Тот факт, что двадцать четыре малыша из тридцати избрали темой рисунков, если не операторскую тележку, то съемочную площадку или портрет кинозвезды, нимало не обеспокоил нас, ибо оба мы понимали, что одним из чудес детства является способность с радостной чистотой и яркостью воспринимать все новое, что открывается глазам. Как сказал мистер Бэкхаус, ребятам представилась возможность увидеть что-то новое — по сравнению с Брайтонской колокольней, выставкой плодов и фруктов, спортивными соревнованиями, ковкой лошадей, которой занимался мистер Броклбенк, и выпечкой свежего хлеба.
Так что я была в самом лучшем настроении, когда, возвращаясь на велосипеде домой, добралась до конца Джипси-Лейн, откуда вел пологий спуск вплоть до наших ворот. Надо сказать, в последнее время я с содроганием преодолевала этот последний участок пути, ибо при всем старании закрывать глаза на то, что делается вокруг, я видела: наш дом пугающе изменился.
Большая часть деятельности развертывалась с той стороны здания, которую мистер Пембертон включил в свою обожаемую «рамку». Она охватывала очень красивые контрфорсы, террасу и часть старого сада за ней. Вслед за первыми двумя грузовиками и огромным фургоном, что прибыли в первый день, теперь тут располагались несколько подъемных кранов, второй фургон, штабная машина, бесчисленные автомобили и два роскошнейших трейлера под гримерные для звезд.

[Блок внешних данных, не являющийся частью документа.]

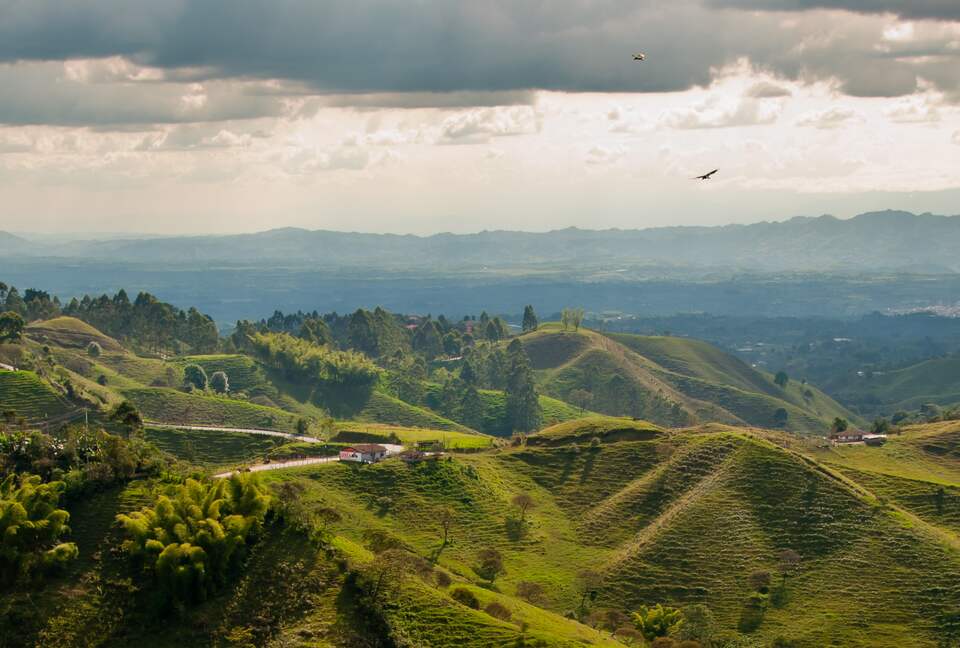 Hacienda Maracay | In Colombias Coffee Region - Pereira, Colombia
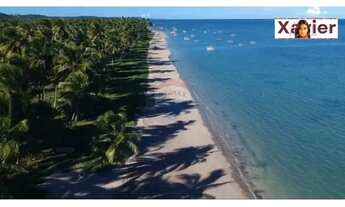 Imagem 4: Terreno em milagres alagoas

Поэтому, проезжая мимо дома и сворачивая под арку, я обычно отводила взгляд от этой миниатюрной ярмарочной площади. Ибо, кроме машин, здесь обычно стояли куски декораций, валялись колеса и дверцы дилижансов и даже детали виселицы, не говоря уж о мотках электрических кабелей.
Но сегодня утром меня насторожили какие-то звуки. Они доносились не со съемочной площадки — да и к тому же мы уже привыкли к звуковому оформлению сценических эффектов, к стуку молотков и визгу пил — а из дома, точнее, из гостиной.
Тяжелые удары безошибочно свидетельствовали, что в ход пущено долото, с помощью которого крошат старую каменную кладку. Я сразу это поняла. Звуки сопровождались шорохом осыпающейся щебенки и буквально разрывали мою душу. Любой, кому знакомы любовь и чувство безопасности, связанные с домом детства, поймут, что я хочу сказать.